In the records below, find the line holding "Meet your Posher, Lisa - Picture 4 of 11" and the line holding "Paradise Grove subdivision". Set down both, with every line between them, exactly.
Segment Start: Data for processing
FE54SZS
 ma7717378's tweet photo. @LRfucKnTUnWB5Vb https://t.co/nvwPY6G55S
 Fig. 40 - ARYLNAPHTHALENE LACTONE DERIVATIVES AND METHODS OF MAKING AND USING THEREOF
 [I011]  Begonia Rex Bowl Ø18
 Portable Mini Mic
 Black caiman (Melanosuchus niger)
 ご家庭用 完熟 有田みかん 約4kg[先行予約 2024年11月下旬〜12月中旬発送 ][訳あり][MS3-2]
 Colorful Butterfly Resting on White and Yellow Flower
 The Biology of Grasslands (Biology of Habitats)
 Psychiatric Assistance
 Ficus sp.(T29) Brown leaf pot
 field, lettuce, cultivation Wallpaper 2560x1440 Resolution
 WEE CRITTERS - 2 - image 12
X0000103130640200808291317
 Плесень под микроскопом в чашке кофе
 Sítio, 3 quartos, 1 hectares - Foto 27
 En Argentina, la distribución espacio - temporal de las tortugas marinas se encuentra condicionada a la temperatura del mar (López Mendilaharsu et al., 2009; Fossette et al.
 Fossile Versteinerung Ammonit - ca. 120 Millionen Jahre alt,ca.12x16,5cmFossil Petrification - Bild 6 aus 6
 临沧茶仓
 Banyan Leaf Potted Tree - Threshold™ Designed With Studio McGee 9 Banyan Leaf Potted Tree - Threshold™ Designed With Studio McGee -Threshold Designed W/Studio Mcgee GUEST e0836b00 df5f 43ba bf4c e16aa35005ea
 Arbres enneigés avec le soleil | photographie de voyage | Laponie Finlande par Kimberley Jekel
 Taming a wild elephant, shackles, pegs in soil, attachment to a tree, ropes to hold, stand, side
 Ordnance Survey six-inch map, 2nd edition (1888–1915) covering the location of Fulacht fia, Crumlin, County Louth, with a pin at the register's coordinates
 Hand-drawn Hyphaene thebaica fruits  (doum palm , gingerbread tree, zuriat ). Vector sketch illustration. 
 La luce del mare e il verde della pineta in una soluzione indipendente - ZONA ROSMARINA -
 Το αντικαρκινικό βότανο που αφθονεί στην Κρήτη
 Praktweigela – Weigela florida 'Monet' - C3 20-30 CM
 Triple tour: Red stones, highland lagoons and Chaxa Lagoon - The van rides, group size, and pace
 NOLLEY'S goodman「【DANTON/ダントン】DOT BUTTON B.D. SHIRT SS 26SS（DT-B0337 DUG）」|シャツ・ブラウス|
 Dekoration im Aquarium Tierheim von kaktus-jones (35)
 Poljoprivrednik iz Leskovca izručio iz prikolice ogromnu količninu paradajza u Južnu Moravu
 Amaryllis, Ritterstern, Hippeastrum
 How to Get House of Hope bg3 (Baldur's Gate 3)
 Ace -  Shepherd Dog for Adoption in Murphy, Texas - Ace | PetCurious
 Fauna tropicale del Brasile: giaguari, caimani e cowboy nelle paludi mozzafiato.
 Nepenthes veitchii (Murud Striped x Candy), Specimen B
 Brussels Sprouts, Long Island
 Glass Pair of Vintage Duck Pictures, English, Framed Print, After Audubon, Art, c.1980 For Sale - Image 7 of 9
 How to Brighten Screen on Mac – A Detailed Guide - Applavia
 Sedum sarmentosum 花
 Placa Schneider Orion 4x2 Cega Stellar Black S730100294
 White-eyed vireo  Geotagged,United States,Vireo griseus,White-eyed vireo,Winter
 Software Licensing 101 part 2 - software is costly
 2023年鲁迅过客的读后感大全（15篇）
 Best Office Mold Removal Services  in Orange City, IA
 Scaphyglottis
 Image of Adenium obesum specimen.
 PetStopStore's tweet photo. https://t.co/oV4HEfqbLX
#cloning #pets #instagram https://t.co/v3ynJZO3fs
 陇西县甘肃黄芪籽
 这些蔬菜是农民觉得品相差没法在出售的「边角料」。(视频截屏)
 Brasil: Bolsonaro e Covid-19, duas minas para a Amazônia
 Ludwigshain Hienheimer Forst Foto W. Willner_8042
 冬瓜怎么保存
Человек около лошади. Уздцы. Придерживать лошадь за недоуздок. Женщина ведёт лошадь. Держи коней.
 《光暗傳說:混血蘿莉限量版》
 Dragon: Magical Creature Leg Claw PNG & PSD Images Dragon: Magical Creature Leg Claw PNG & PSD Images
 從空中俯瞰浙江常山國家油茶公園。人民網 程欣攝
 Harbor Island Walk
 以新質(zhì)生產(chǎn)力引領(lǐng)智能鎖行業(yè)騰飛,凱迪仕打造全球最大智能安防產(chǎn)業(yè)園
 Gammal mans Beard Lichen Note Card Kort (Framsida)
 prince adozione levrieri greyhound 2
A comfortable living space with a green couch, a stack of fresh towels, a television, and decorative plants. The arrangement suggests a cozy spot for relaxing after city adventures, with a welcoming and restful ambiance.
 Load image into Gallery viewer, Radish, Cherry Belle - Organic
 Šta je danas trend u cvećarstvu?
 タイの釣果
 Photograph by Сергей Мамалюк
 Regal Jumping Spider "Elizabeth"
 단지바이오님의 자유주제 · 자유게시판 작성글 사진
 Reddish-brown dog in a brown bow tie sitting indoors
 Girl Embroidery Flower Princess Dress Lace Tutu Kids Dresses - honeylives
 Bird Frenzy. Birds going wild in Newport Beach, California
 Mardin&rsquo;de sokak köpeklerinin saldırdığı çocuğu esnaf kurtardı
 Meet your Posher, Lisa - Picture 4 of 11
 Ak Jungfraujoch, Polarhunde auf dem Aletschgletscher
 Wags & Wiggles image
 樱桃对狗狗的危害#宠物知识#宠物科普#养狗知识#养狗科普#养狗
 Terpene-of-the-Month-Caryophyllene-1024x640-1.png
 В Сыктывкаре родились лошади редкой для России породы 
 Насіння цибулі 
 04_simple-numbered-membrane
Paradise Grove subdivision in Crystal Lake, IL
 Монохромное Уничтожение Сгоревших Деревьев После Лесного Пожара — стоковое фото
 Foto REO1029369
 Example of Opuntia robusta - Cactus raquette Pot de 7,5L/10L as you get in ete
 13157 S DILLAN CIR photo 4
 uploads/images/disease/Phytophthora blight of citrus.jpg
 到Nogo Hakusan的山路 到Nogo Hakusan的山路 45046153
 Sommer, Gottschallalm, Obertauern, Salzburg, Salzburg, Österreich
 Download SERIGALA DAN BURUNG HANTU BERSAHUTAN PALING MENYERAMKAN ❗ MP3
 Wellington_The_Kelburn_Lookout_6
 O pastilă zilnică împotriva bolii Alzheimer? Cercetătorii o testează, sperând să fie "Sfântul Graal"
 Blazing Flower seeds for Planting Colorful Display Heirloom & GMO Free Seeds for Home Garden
Segment End: Data for processing
- Response for this exercise
 Meet your Posher, Lisa - Picture 4 of 11
 Ak Jungfraujoch, Polarhunde auf dem Aletschgletscher
 Wags & Wiggles image
 樱桃对狗狗的危害#宠物知识#宠物科普#养狗知识#养狗科普#养狗
 Terpene-of-the-Month-Caryophyllene-1024x640-1.png
 В Сыктывкаре родились лошади редкой для России породы 
 Насіння цибулі 
 04_simple-numbered-membrane
Paradise Grove subdivision in Crystal Lake, IL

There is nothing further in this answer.